La corrupción admitida desde la primera magistratura del país, en el gobierno de Peña Nieto, hoy puede observarse en el procesamiento penal de por lo menos 356 alcaldes, 21 gobernadores, una diputada local y un diputado federal, además de media docena de jueces y siete funcionarios federales de primer nivel, que ahora enfrentan cargos o se encuentran encarcelados por la comisión de delitos vinculados al desvío de dinero oficial, incluso, en algunos casos, por su relación con el crimen organizado.

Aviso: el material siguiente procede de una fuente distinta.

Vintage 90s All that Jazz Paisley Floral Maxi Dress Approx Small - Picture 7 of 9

En este tenor, en el de la relación de funcionarios federales con miembros del crimen organizado como efecto de la corrupción reinante en el sexenio pasado, destaca el mencionado caso del general Salvador Cienfuegos Zepeda, ex titular de la Secretaría de la Defensa Nacional (Sedena), quien en México ha sido exonerado, pero cuyo asunto sigue vivo en Estados Unidos. El general todavía es objeto de pesquisas por parte de la justicia estadounidense, pues, de acuerdo con fuentes de la Administración de Control de Drogas (DEA, por sus siglas en inglés), aún no se cierra la investigación en que la misma DEA lo ubicó como socio de la sección comandada por el narcotraficante Francisco Patrón Sánchez, el H2, líder cupular del Cártel de los Hermanos Beltrán Leyva.

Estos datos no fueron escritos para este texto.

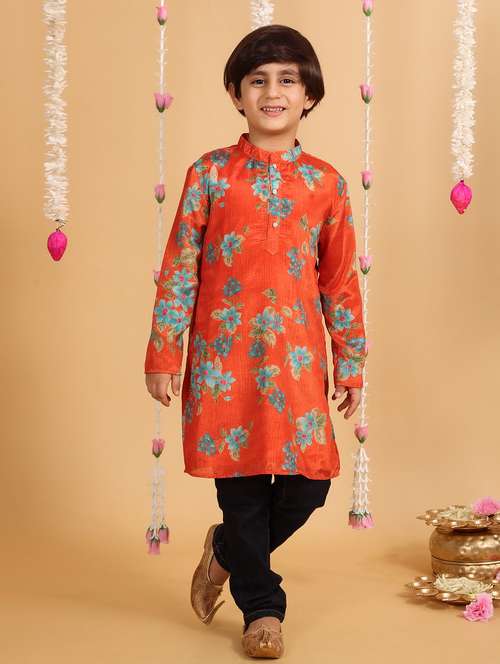 boys floral print long sleeve kurta - 21729373 - Standard Image - 0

El general Cienfuegos, quien es a Enrique Peña Nieto lo que Genaro García Luna es a Felipe Calderón, representa la más clara evidencia de cómo la clase gobernante no se limitó al saqueo de recursos naturales y del erario, sino que optó por otros modelos de enriquecimiento, como el de la protección a diversos grupos del narcotráfico, para lograr utilidades económicas personales, aprovechando el caos institucional.

¿Hasta dónde supo el presidente Enrique Peña Nieto sobre la corrupción que inundó su administración? ¿Fue él el ideólogo de las reformas de Estado que terminaron por entregar la riqueza del país a particulares? ¿Fue Peña Nieto manipulado o malinformado durante su gestión? ¿Hubo premeditación en la entrega del país o sólo fue producto de su torpeza? ¿Realmente es Enrique Peña Nieto el personaje inculto e ignorante que nos dibujaron algunos medios de comunicación? ¿Es en realidad un traidor a la patria? Las respuestas a estas interrogantes nos las está dando la realidad.